Originally published in 1956, Dr. Fromm explored love as a human need and one that we rarely understand even though we are starved for it. I’ve always thought of love as innate, but Fromm offers another perspective.
Love isn’t something natural. Rather it requires discipline, concentration, patience, faith, and the overcoming of narcissism. It isn’t a feeling, it is a practice.
How can we practice?
That is the question.
I’m dedicating the next 28 days to probing and plodding through my own and others’ thoughts about how we can develop a practice of love. What if we examined love through a different lens?
Practicing a skill the wrong way usually won’t help you improve. I’m wondering how new thinking would change our practice.
I invite you to join me on this adventure. During the month, I plan to also read Toni Morrison’s Beloved and Letters from Max, a moving exchange between student and teacher and a deep friendship.

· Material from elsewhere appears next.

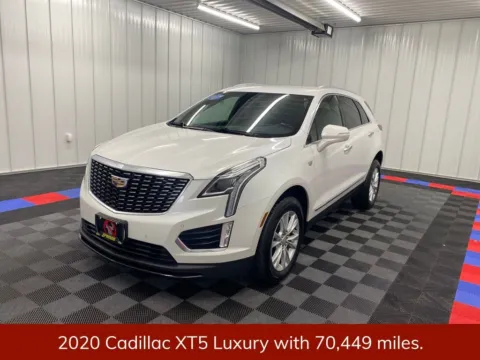Another view of 2020 Cadillac XT5 Luxury for sale in Bridgeport, NY at Bridgeland Auto Brokers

Share your thoughts or other books in the comments. Find and read new works or revisit old gems that might expand understanding love as a verb. I’m interested in how others wrestle with love and lovelessness or don’t think of it at all.
Let the learning begin.
In the front flap of the Art of Loving, I had inscribed this quotation from D.H. Lawrence:
Those that go searching for love only make manifest their own lovelessness, and the loveless never find love, only the loving find love, and they never have to seek for it.